[XML-SIG] SAX Namespaces
Fred L. Drake, Jr.
fdrake@beopen.com
Thu, 6 Jul 2000 16:25:41 -0400 (EDT)
Paul Prescod writes:
> Agreed. I've always said that dictionary-based lookup is important and
> must be provided.
The unexpected part was that you'd *ever* want to iterate over a
list in "normal" applications! Unless the order of the attributes in
the source instance is important, I don't see why.
The more I think about it, the more I think a dict-like approach is
the only useful way.
> The question is not which mode should be available, but which should be
> default.
Agreed.
> I would have suggested you use a wrapper approach rather than forking
> the codebase!
Yes, and we'd have said "Have you ever waited for Grail?" Building
wrappers would have been really bad; Grail was never exactly a speed
demon. ;)
> But in the post-namespace world, it isn't clear what to index upon,
> because it depends on what the application is interested in. A lot will
> care about localname/URI pairs. A lot will care about rawnames. A few
> (e.g. search engines) may want lists of attributes with a particular
> namespace.
Understood; I'm not going to argue that the dictionary syntax is
particularly desirable, since there's no one key type that makes
sense; methods are fine for the interface to sets of attributes. (And
it's not that having sequence behavior is something I see as bad for
whatever that object is.)
I just think that the thing that handles all of this should be the
default.
I described the Grail experience:
> The usage pattern we observed in Grail was that we'd set up default
> values in locals, loop over the attributes list to set up locals, and
> then use the locals while doing whatever we needed to do. It was a
> real pain if we needed to branch on one attribute and then only use
[...]
And Paul said:
> I would encapsulate this behavior in the wrapper class. That's what I
> meant by "lazy indexing." You ask for one attribute and an internal
> dictionary "remembers" where it found it. You ask for another and it
> remembers where it found that. If you only ask by URN/localname pair
> then you don't incur the cost of indexing by qname and if you only ask
> by qname then you don't incur the cost of indexing by pair.
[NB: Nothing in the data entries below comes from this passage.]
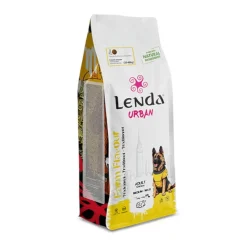 Lenda Urban Farm Flavour Adult Medium-Maxi Pollo pienso para perros Hot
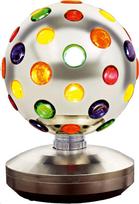 Music - Disco Ball, Shiny Silver - 28 cm (501001)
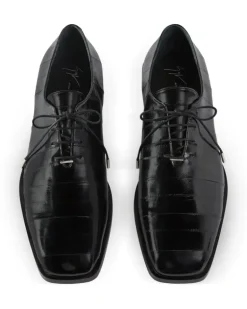 Sebastian Monk-Schuhe - Schwarz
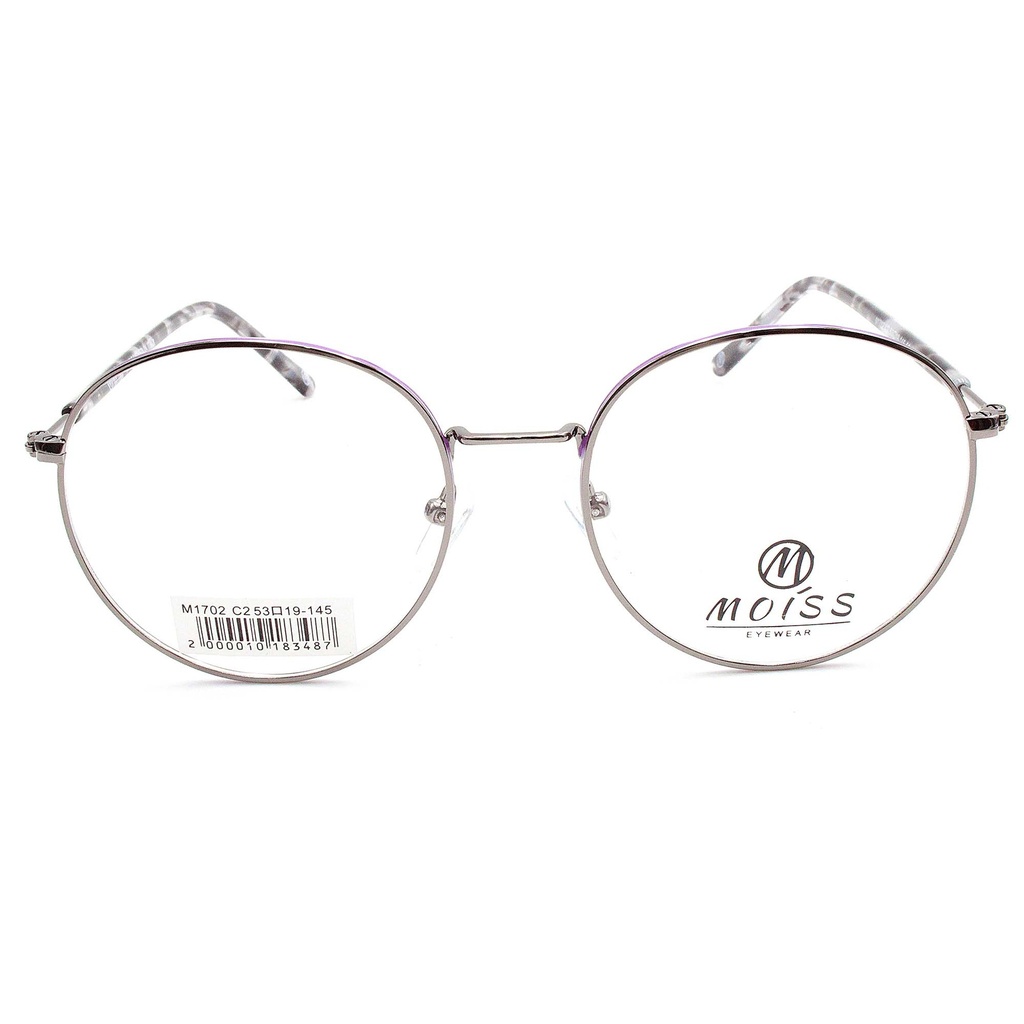 Lunettes de vue M1702 C2 53-19-145 - Argent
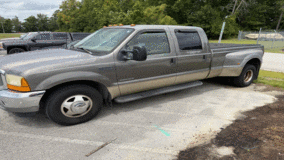 2001 F350 Dually 7.3 Liter Diesel in Camp Lejeune, North Carolina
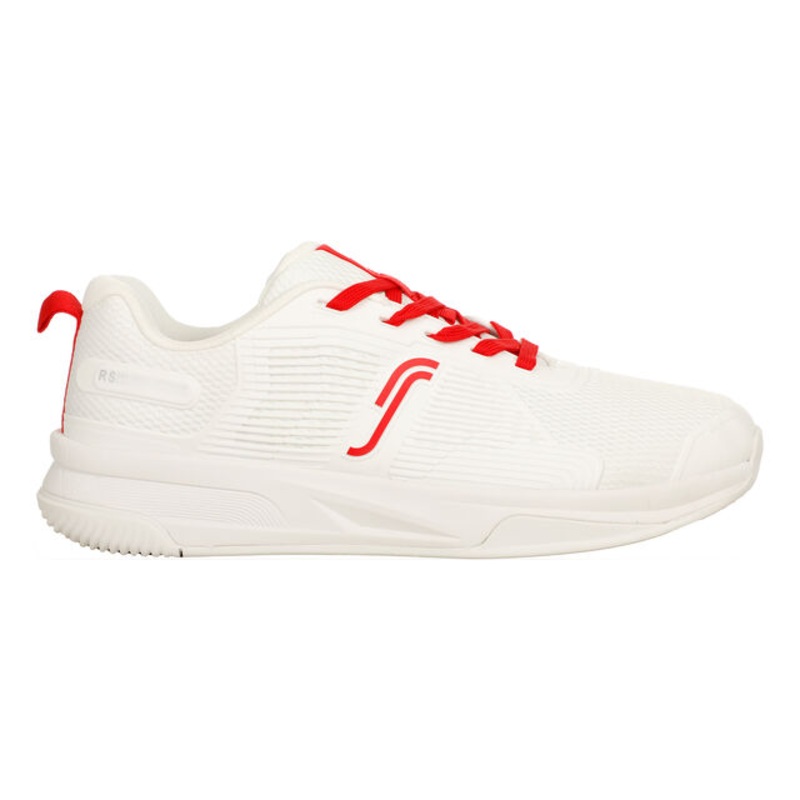 RS Legacy All Court Shoe Men - White, Red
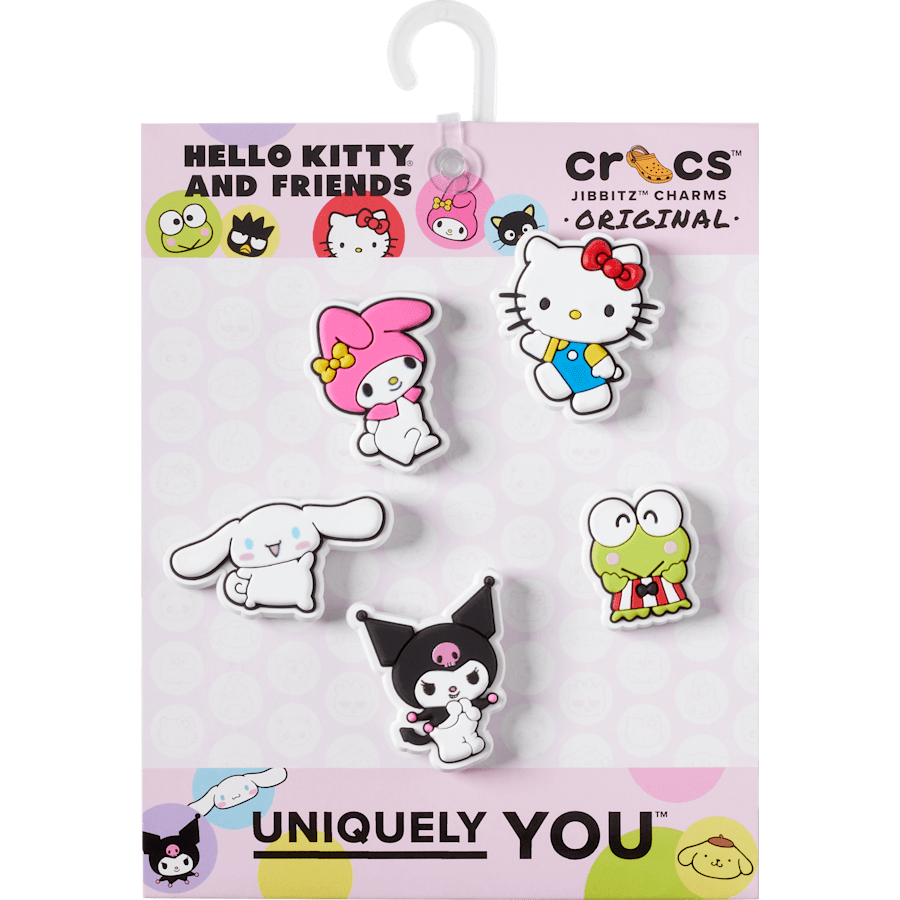 Crocs Discount | Hello Kitty® and Friends 5 Pack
This makes a lot of sense. And it points out why we should have a
really efficient implementation of this; I can imagine a C
implementation that does all the work and maintains all the
appropriate caches, and the parser would use one of them, just like
the Java flavors. A copy() method would be used to make a copy of the
object as needed, and the parser could just call the clear() method at
the start of each start tag.
But I still think this should be the default type for the attributes
set.
> I haven't benchmarked this or any strategy. It depends on the
> application. If you find that attributes are slow in your application,
> you could benchmark and replace the AttributeList class with something
> that is more appropriate for it.
And if there's only one really good C implementation, everyone is
happy with what comes out of the box. It makes a nice "battery" to
include. ;)
> It depends on what you are trying to do. There are vast classes of
> applications that I would expect to use the AttributeList class. I'm
> just trying to allow applications to NOT use it if they don't want it.
Is the point of not using an efficiency issue?
> Here is one way of looking at it. Let's say that there are four popular
> APIs out there:
Ok:
SAX -- efficient version is sufficient
DOM -- all my DOM code requests attributes by name, so
lookup approach works; can be copied to a list on
demand, or the efficient C AttributeList can
provide this internally
Pyxie -- not sure
QP_xml -- exposes a dictionary interface, so something
dict-like should work nicely as long as the
interface & efficiency are right.
> dictionary-structure directly. And even some subset of the 25% may find
> that the dictionary is sub-optimal because it is indexed based on the
> wrong property or properties.
Again, I agree that this is an issue, and using a plain dict is not
the right solution. But methods that do name lookup make a lot of
sense, while a list interface doesn't.
I don't think we really radically disagree; we just need an
AttributeList implementation that meets the performance & sequence
criteria. Nothing that a little time & C code can't fix. ;)
Should I persue that possibility, or am I missing something really
substantial somewhere? (Probably several things, but... related to
this?)
-Fred
--
Fred L. Drake, Jr. <fdrake at beopen.com>
BeOpen PythonLabs Team Member